Aim of the exercise: Using the material below, repeat exactly the lines from the one with "We only sell" through the one with "When you sign", ends included, without any images.

Supplied material:
::::::::
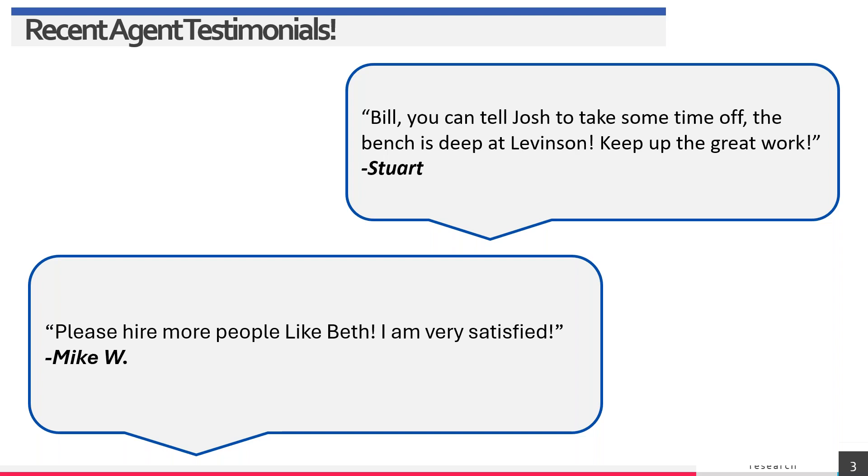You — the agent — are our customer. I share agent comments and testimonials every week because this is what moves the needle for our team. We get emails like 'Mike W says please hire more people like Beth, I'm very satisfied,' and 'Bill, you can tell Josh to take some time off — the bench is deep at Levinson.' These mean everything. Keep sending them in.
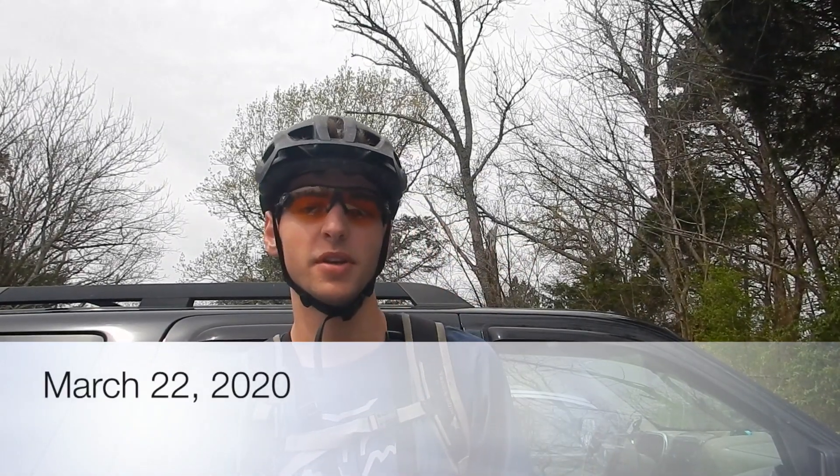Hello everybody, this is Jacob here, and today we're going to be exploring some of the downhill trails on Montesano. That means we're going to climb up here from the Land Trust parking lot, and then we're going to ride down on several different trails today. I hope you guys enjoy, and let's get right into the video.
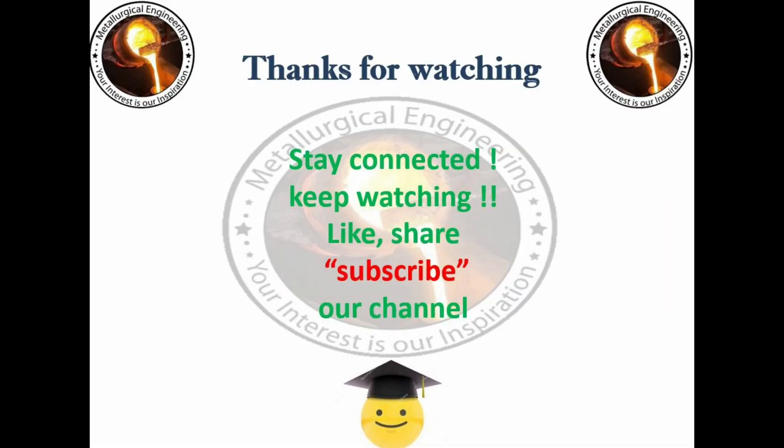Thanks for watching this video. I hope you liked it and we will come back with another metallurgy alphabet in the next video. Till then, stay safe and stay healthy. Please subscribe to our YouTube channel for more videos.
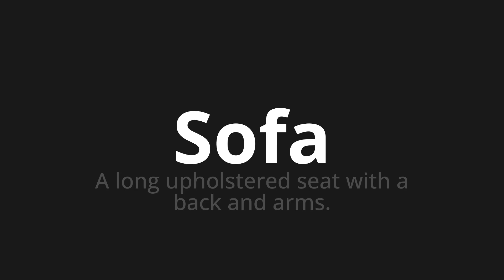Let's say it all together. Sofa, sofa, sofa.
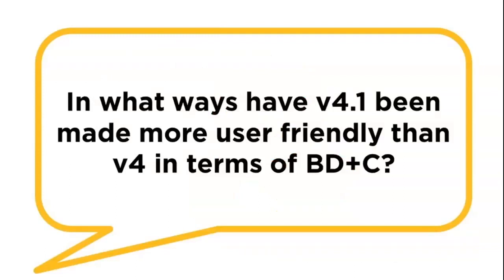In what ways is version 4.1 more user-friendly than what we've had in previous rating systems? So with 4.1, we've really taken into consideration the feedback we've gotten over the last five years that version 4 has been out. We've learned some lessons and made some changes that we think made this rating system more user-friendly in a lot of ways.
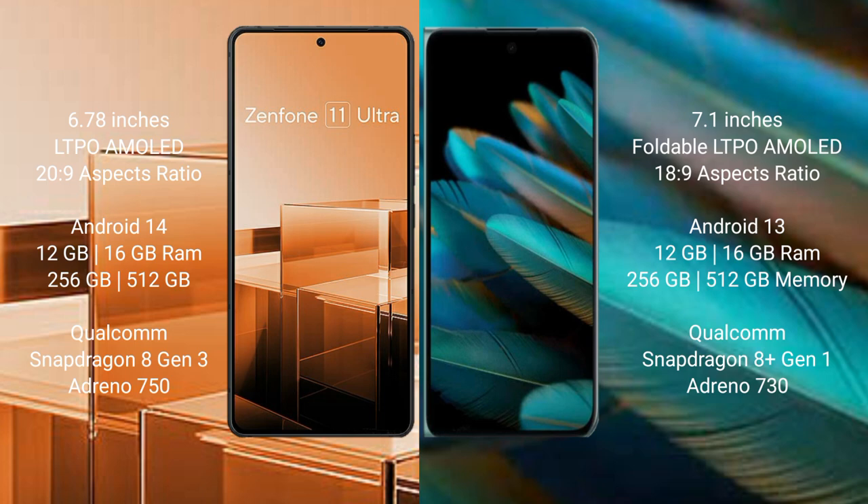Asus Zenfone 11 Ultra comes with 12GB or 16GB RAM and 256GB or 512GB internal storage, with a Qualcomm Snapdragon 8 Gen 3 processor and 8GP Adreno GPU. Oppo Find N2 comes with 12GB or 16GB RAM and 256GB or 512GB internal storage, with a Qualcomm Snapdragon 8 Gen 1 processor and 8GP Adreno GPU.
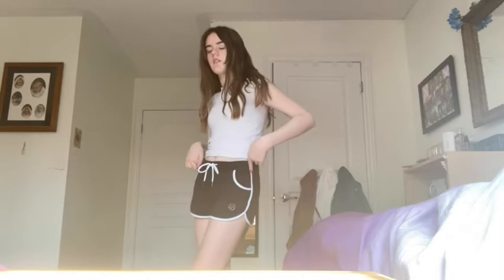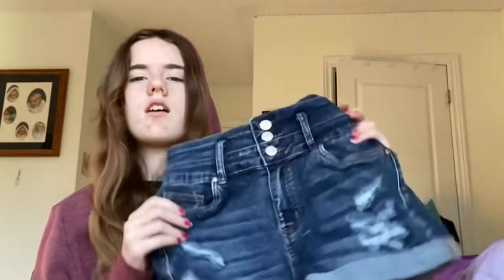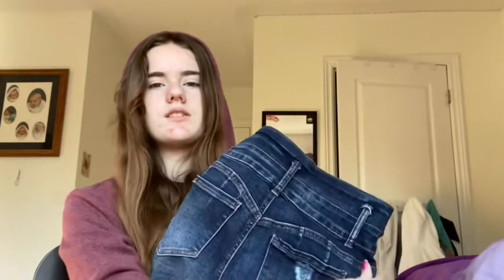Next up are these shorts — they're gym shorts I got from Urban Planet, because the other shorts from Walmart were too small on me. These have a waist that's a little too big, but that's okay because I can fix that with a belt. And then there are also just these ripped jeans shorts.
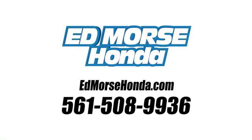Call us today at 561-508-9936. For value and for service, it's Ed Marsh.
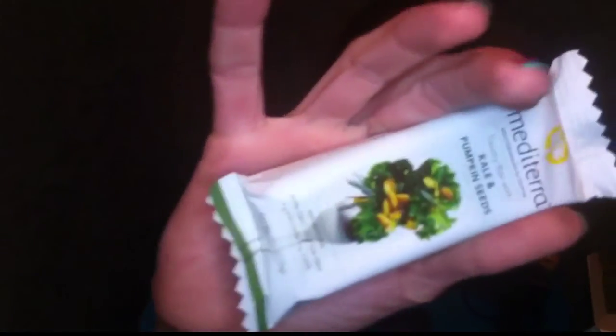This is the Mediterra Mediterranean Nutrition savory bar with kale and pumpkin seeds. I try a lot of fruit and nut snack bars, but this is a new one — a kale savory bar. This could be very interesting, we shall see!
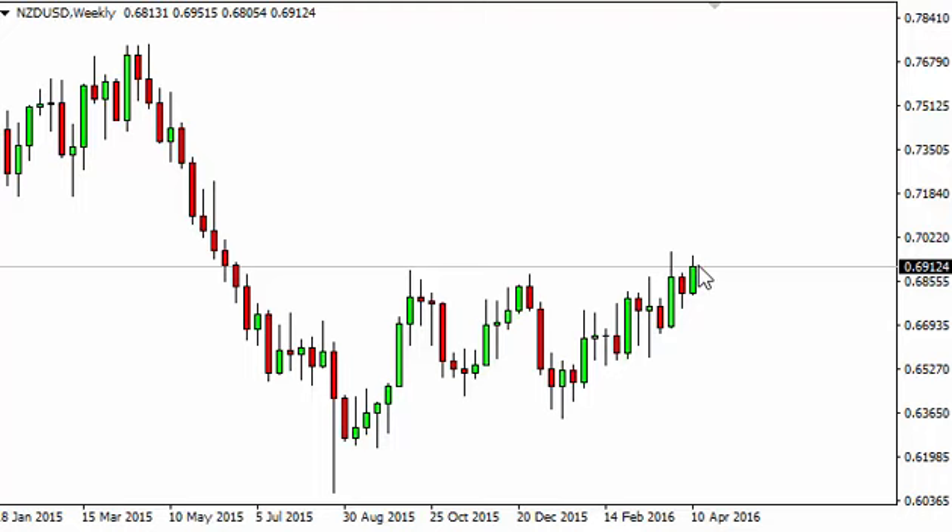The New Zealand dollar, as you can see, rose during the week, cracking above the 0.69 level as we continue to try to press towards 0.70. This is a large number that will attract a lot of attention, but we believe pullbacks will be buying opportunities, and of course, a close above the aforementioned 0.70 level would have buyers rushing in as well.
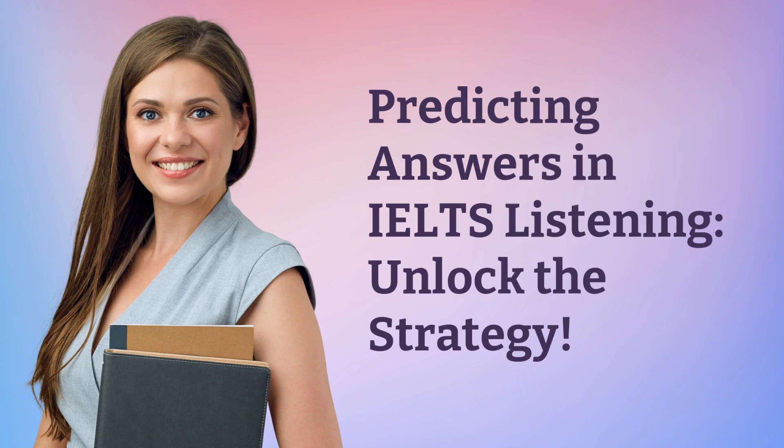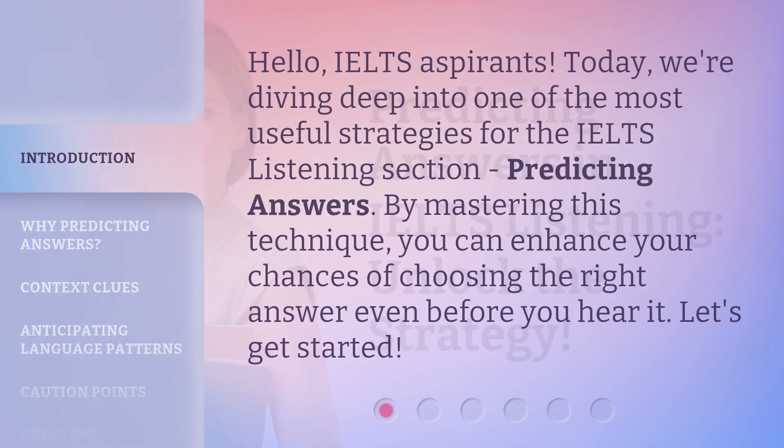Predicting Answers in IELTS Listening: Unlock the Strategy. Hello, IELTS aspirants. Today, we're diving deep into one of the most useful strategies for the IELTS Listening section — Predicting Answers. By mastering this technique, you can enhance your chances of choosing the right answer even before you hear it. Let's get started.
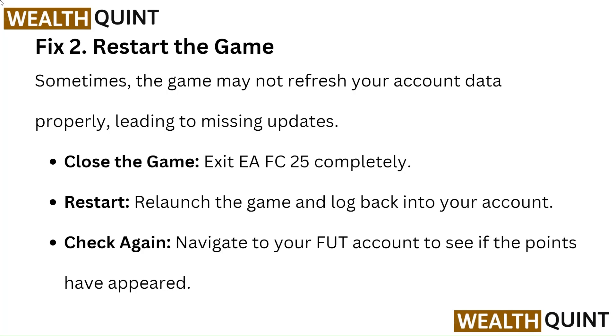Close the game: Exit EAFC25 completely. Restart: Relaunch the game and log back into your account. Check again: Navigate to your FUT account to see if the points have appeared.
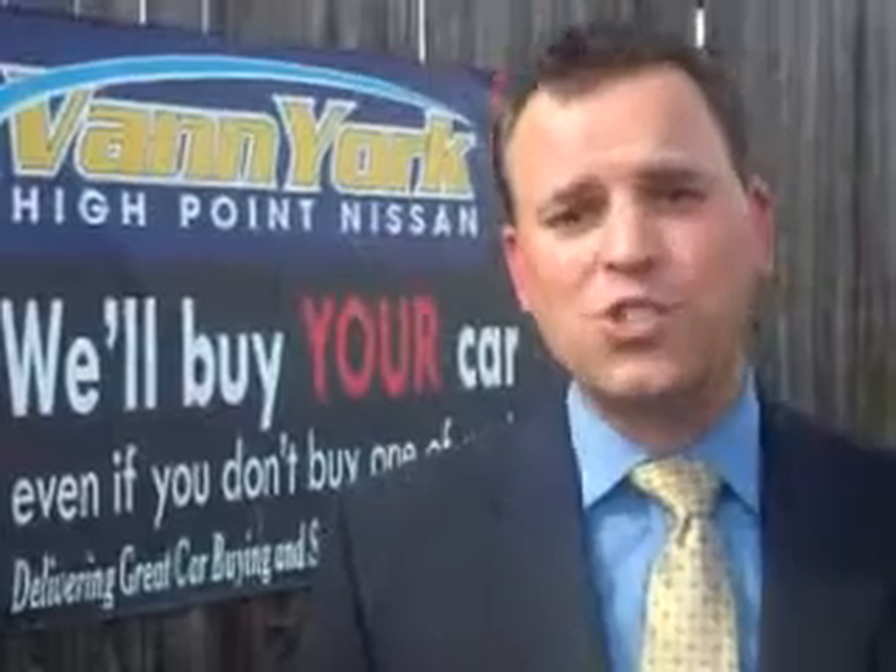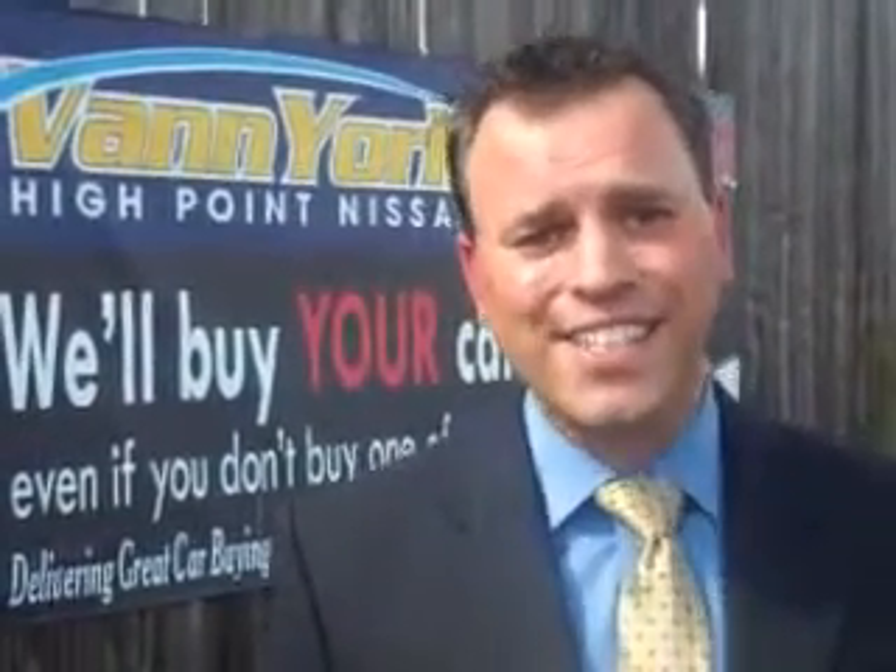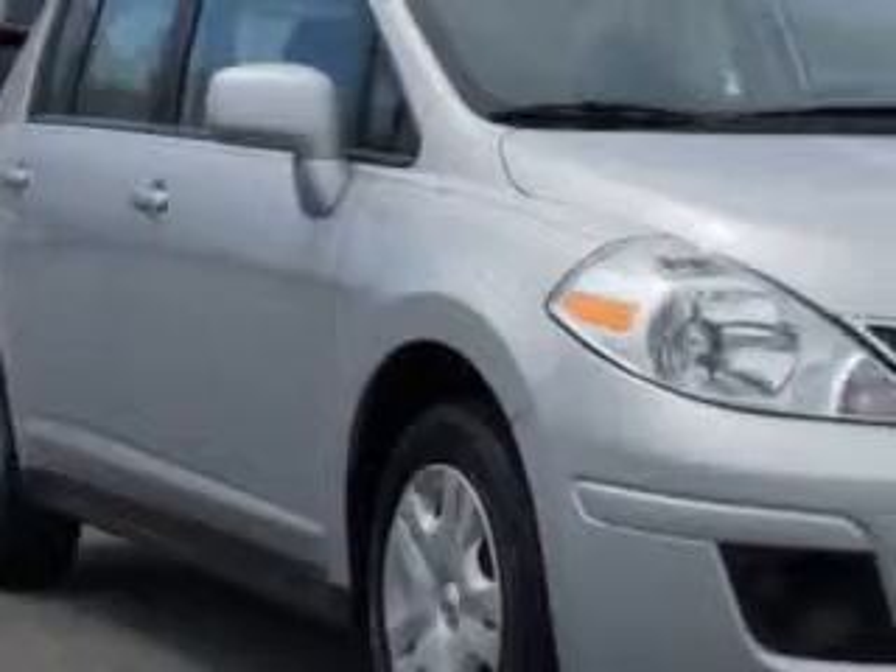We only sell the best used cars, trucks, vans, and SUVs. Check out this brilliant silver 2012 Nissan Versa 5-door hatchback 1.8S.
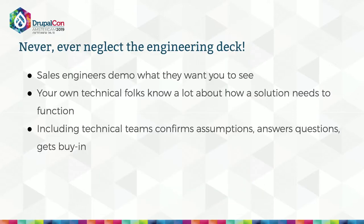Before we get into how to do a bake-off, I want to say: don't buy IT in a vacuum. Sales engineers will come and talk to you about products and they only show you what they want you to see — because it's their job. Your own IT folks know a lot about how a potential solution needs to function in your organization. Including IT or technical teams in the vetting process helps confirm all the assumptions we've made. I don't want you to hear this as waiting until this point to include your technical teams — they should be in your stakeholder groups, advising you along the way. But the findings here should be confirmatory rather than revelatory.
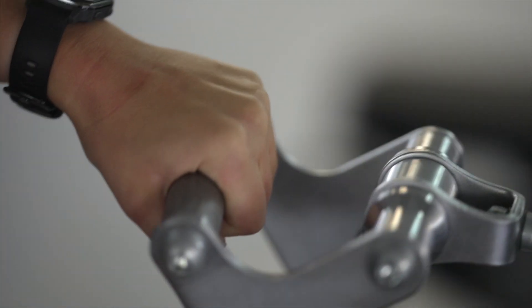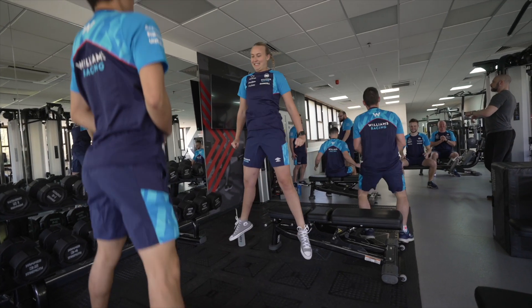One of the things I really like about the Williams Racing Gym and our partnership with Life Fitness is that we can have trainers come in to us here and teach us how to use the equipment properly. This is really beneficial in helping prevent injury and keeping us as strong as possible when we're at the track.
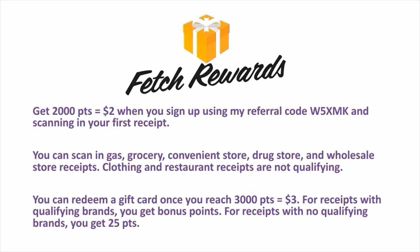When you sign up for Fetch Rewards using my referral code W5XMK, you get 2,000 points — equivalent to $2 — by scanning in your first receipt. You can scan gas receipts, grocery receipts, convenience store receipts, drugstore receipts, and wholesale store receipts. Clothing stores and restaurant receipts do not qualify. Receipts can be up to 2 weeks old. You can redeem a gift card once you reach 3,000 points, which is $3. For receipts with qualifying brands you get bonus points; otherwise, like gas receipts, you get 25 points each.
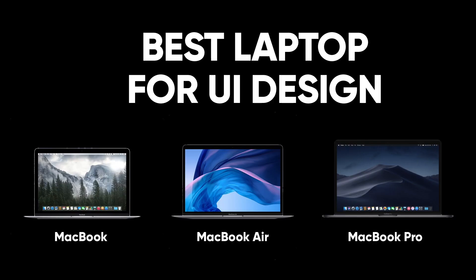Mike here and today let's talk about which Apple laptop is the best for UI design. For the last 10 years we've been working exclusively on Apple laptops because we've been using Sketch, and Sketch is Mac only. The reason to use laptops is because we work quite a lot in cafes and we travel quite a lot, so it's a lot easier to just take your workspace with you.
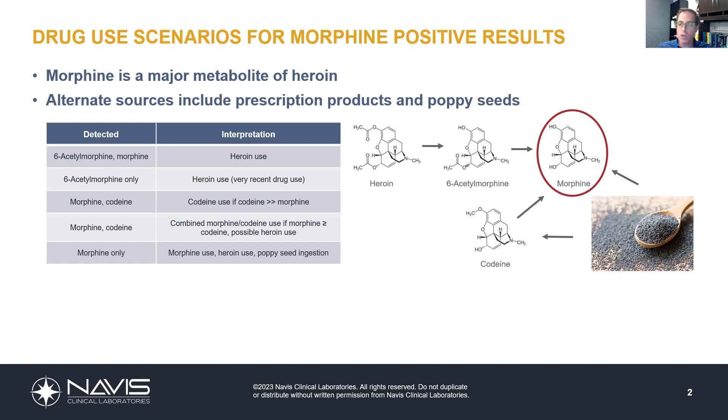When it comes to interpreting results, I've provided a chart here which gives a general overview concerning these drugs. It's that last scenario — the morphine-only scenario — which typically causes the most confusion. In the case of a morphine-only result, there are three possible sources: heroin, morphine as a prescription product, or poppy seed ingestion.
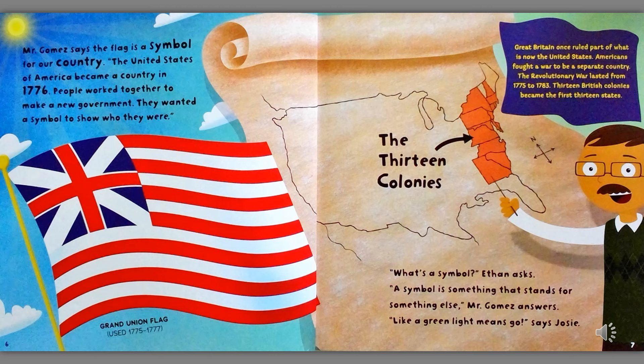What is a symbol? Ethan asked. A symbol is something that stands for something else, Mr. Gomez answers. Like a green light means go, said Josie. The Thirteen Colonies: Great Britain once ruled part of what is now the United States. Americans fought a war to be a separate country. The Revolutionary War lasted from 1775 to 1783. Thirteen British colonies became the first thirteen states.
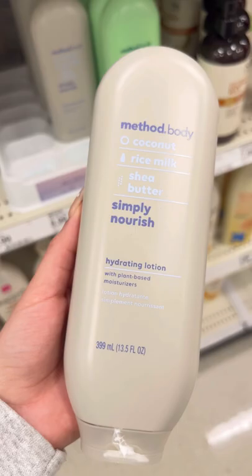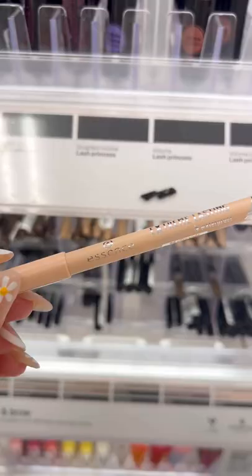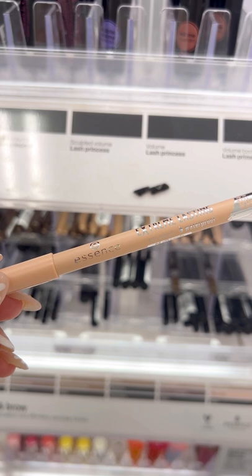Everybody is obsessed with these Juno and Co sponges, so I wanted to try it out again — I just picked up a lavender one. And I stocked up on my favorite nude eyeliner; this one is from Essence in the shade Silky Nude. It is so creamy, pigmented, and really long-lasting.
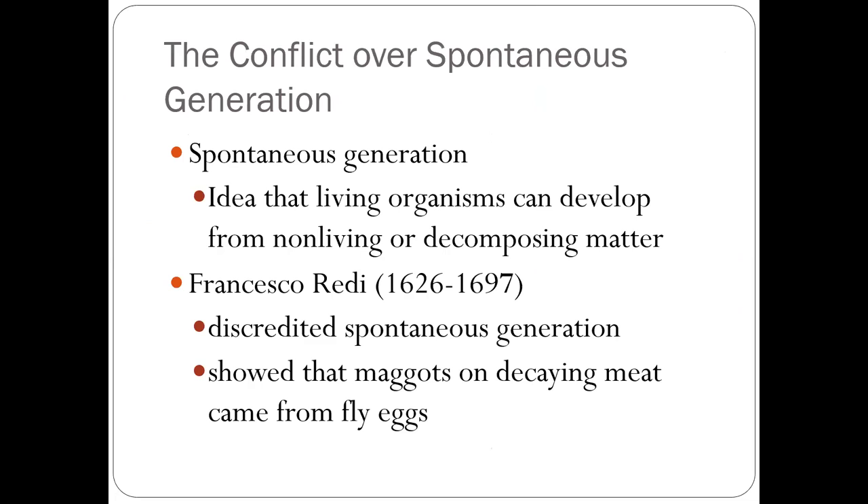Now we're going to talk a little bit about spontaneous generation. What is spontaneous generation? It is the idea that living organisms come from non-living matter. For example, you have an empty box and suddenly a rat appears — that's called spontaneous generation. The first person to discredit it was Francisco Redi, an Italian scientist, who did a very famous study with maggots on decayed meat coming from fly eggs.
::::::::
Task response:
We only sell the best used cars, trucks, vans, and SUVs. Check out this brilliant silver 2012 Nissan Versa 5-door hatchback 1.8S.
Before we get into how to do a bake-off, I want to say: don't buy IT in a vacuum. Sales engineers will come and talk to you about products and they only show you what they want you to see — because it's their job. Your own IT folks know a lot about how a potential solution needs to function in your organization. Including IT or technical teams in the vetting process helps confirm all the assumptions we've made. I don't want you to hear this as waiting until this point to include your technical teams — they should be in your stakeholder groups, advising you along the way. But the findings here should be confirmatory rather than revelatory.
One of the things I really like about the Williams Racing Gym and our partnership with Life Fitness is that we can have trainers come in to us here and teach us how to use the equipment properly. This is really beneficial in helping prevent injury and keeping us as strong as possible when we're at the track.
When you sign up for Fetch Rewards using my referral code W5XMK, you get 2,000 points — equivalent to $2 — by scanning in your first receipt. You can scan gas receipts, grocery receipts, convenience store receipts, drugstore receipts, and wholesale store receipts. Clothing stores and restaurant receipts do not qualify. Receipts can be up to 2 weeks old. You can redeem a gift card once you reach 3,000 points, which is $3. For receipts with qualifying brands you get bonus points; otherwise, like gas receipts, you get 25 points each.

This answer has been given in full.